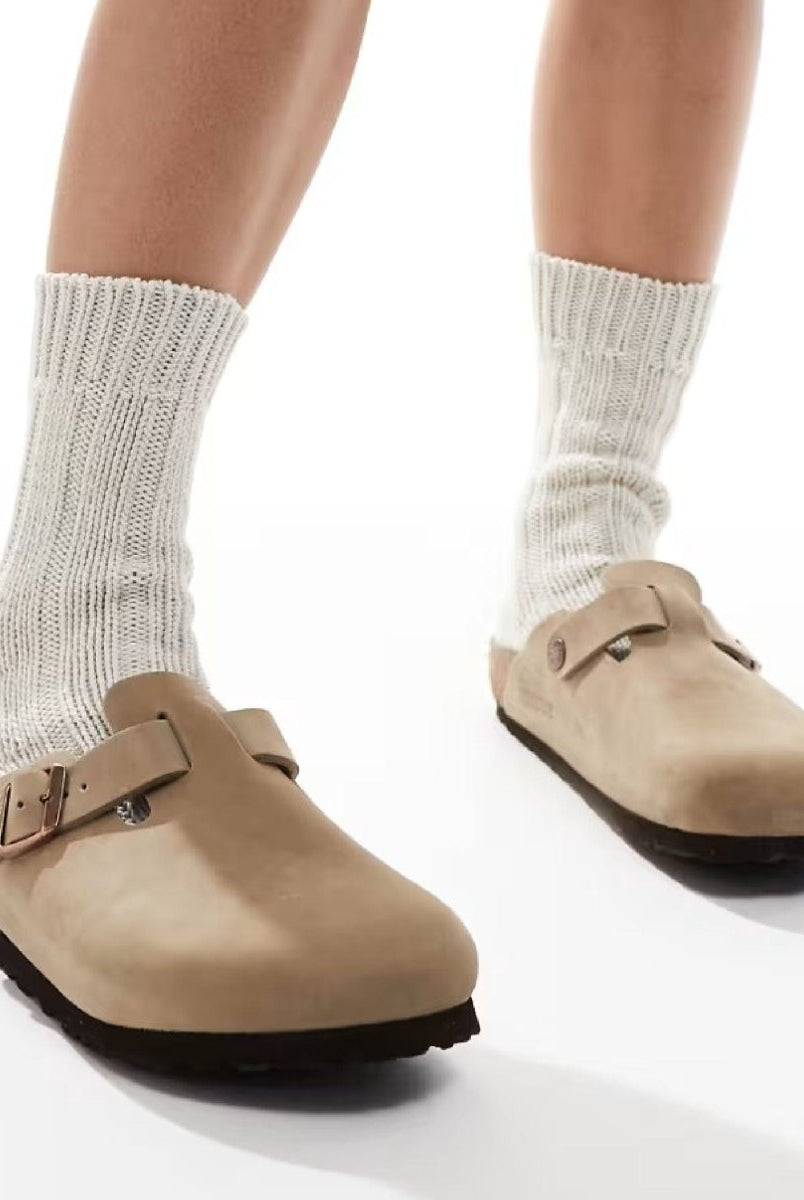 Birkenstock Leather Tobacco Brown Boston - PINK ARROWS
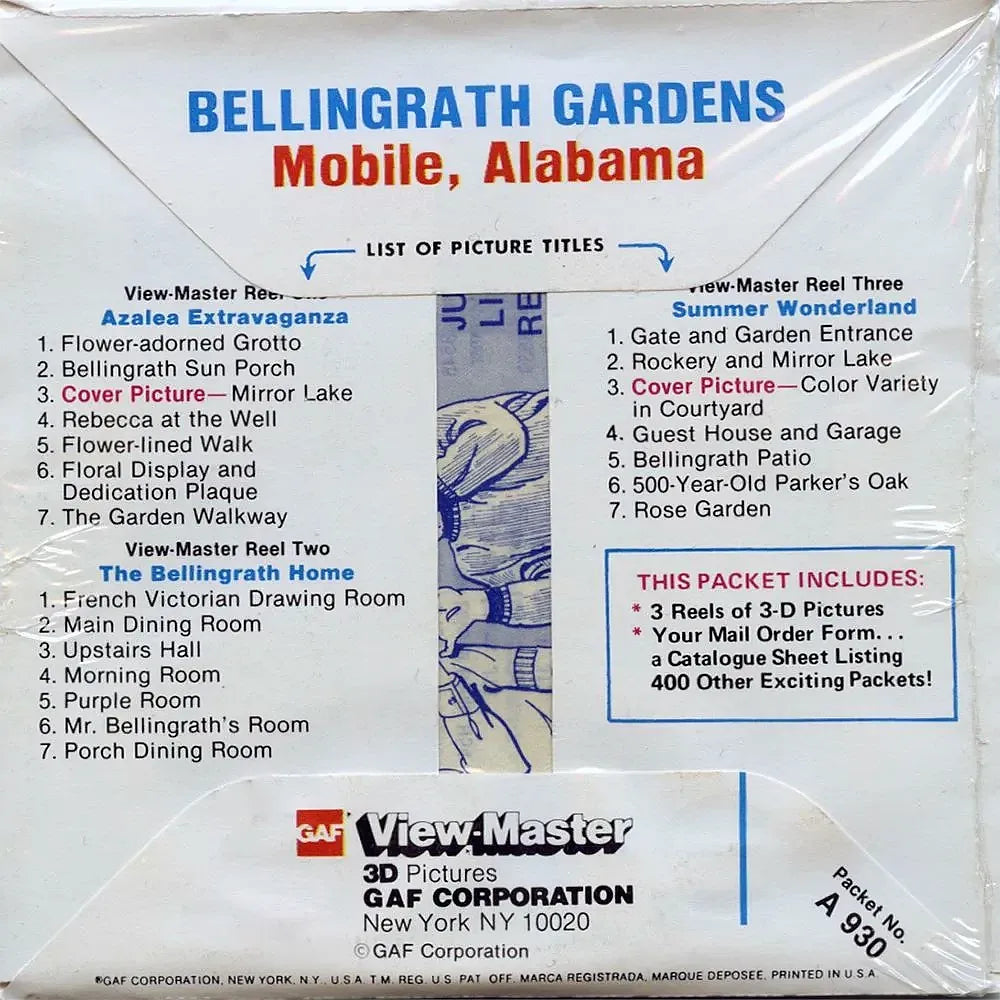 Bellingrath Gardens- Mobile, Alabama - View-Master 3 Reel Packet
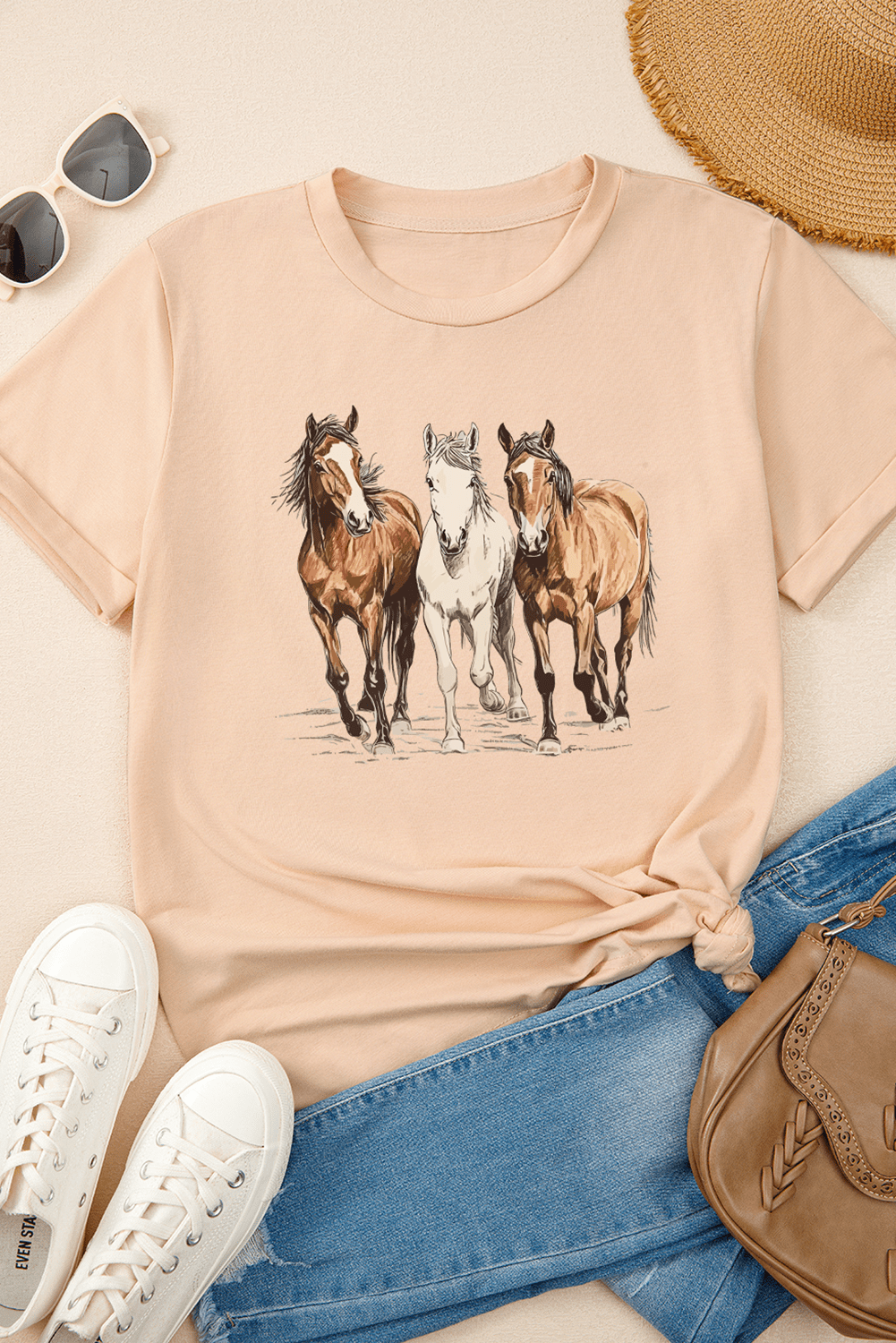 Khaki Gallant Horses Printed Casual T Shirt - Loving It Shop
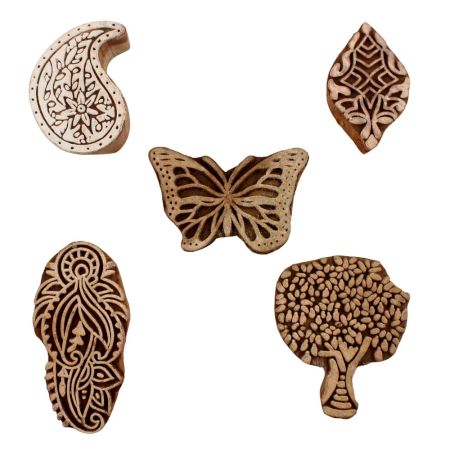 Set of 5 Piece New Mix Wooden Printing Blocks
# # # # #
== Problem description ==
The lines above must be transcribed exactly, with every picture left out.

== Your response ==
 Birkenstock Leather Tobacco Brown Boston - PINK ARROWS
 Bellingrath Gardens- Mobile, Alabama - View-Master 3 Reel Packet
 Khaki Gallant Horses Printed Casual T Shirt - Loving It Shop
 Set of 5 Piece New Mix Wooden Printing Blocks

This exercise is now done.